## Aim of the exercise
Each line of the material holding the word "Suites" must be identified and copied.

## Data

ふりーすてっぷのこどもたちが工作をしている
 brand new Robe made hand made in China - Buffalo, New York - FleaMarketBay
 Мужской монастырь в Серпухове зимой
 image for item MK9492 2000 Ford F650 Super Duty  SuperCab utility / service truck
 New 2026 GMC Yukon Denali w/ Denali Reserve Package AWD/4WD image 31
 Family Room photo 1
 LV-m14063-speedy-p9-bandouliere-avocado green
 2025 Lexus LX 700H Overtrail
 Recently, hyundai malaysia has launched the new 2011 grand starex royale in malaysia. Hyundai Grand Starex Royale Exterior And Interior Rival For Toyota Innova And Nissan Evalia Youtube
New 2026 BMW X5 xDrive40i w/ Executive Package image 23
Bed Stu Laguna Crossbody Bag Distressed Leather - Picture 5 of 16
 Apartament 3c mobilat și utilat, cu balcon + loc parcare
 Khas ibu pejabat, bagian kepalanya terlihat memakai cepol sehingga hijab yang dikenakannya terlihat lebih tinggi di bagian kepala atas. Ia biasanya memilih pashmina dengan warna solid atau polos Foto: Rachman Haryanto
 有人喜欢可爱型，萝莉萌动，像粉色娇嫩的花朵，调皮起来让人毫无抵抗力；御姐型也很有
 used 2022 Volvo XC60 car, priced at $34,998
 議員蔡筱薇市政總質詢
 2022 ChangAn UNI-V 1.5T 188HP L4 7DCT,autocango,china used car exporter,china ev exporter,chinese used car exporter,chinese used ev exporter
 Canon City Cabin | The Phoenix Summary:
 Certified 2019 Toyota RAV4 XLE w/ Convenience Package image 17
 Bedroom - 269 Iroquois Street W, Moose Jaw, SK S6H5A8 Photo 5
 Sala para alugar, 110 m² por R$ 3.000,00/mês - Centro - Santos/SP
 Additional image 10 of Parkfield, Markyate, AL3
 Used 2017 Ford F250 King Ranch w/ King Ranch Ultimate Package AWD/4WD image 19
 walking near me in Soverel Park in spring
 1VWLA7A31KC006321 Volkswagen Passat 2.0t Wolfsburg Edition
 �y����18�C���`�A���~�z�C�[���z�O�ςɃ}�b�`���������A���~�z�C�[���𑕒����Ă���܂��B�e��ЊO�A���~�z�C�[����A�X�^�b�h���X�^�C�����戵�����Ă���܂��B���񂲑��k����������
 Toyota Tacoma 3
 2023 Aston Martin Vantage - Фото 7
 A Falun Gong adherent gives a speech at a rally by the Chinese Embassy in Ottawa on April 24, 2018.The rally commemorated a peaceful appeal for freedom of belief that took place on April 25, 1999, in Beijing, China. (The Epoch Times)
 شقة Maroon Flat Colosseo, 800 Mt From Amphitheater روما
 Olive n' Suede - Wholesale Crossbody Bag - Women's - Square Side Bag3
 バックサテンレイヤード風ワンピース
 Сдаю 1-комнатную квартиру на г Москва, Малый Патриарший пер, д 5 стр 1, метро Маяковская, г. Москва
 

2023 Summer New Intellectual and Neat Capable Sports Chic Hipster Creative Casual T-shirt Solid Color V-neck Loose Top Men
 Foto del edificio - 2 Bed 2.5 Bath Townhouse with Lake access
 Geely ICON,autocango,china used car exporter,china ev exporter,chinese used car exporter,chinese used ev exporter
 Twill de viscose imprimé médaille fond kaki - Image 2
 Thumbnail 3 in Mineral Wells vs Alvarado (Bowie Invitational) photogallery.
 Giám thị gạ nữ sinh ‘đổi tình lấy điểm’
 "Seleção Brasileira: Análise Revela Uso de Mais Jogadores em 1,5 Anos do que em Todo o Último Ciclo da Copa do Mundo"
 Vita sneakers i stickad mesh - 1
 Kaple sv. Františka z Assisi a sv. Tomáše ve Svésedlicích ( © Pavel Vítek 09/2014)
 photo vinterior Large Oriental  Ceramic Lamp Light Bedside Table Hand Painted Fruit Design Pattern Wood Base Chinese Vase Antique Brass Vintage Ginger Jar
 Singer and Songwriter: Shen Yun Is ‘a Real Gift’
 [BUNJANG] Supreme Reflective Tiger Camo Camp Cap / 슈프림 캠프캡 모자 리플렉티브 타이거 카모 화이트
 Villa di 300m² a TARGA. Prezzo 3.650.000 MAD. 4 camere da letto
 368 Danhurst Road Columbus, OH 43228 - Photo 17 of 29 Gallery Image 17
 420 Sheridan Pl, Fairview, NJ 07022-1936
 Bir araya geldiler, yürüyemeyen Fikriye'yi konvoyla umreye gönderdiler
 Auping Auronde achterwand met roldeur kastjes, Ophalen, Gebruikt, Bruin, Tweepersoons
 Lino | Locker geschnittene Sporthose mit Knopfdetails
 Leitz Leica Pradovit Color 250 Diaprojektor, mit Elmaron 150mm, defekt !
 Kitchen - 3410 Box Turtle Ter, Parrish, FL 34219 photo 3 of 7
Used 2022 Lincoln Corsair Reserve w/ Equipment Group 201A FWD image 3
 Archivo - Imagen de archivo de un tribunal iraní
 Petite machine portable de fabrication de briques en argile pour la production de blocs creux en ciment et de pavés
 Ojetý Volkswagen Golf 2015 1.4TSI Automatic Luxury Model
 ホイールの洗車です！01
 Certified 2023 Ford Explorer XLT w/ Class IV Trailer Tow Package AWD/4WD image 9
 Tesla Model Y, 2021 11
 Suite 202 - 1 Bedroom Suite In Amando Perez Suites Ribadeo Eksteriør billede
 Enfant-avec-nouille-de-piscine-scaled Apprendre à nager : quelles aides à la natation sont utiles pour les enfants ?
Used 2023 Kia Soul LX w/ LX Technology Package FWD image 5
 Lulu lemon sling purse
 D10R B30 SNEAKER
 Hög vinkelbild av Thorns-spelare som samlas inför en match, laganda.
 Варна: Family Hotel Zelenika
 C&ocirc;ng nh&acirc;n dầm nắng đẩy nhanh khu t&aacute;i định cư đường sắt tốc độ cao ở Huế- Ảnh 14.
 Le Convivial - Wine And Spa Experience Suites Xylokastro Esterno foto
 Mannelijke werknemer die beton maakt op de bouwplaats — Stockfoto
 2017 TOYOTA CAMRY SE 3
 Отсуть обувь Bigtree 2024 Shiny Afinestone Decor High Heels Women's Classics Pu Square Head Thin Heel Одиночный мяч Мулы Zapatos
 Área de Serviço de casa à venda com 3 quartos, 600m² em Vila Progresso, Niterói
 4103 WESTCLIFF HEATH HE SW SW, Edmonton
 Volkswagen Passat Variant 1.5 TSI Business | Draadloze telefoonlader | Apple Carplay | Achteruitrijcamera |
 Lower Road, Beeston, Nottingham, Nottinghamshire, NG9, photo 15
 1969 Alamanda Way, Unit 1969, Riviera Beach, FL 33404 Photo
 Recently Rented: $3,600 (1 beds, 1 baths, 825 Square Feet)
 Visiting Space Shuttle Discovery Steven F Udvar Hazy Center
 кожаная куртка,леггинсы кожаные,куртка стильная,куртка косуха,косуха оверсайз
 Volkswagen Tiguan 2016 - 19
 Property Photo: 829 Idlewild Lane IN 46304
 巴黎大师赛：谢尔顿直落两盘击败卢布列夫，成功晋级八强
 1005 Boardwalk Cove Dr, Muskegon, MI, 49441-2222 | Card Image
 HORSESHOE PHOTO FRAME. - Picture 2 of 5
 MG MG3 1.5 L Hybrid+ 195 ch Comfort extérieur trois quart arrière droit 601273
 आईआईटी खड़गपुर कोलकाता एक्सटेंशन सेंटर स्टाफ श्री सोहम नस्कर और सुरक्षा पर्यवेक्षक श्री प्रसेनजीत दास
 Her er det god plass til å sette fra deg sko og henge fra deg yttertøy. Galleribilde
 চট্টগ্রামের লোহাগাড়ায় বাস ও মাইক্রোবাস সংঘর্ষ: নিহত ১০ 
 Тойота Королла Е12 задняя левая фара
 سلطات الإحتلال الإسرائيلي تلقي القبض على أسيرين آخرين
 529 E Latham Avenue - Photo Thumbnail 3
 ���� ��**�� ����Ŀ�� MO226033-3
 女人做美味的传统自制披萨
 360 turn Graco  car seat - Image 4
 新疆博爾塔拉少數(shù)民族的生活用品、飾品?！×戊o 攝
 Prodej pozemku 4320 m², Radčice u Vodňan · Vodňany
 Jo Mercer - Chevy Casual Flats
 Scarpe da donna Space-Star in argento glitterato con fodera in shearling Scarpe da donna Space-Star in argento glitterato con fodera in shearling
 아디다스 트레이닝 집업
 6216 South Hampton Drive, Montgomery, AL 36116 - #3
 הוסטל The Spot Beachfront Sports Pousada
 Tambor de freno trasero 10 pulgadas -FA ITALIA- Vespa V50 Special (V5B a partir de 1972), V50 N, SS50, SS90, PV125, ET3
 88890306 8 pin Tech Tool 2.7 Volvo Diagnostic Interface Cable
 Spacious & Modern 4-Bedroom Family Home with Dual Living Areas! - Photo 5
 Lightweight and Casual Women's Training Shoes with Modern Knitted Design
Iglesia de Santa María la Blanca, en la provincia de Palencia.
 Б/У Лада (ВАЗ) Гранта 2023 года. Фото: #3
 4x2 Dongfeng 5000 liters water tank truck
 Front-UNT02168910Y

## Task answer
 Suite 202 - 1 Bedroom Suite In Amando Perez Suites Ribadeo Eksteriør billede
 Le Convivial - Wine And Spa Experience Suites Xylokastro Esterno foto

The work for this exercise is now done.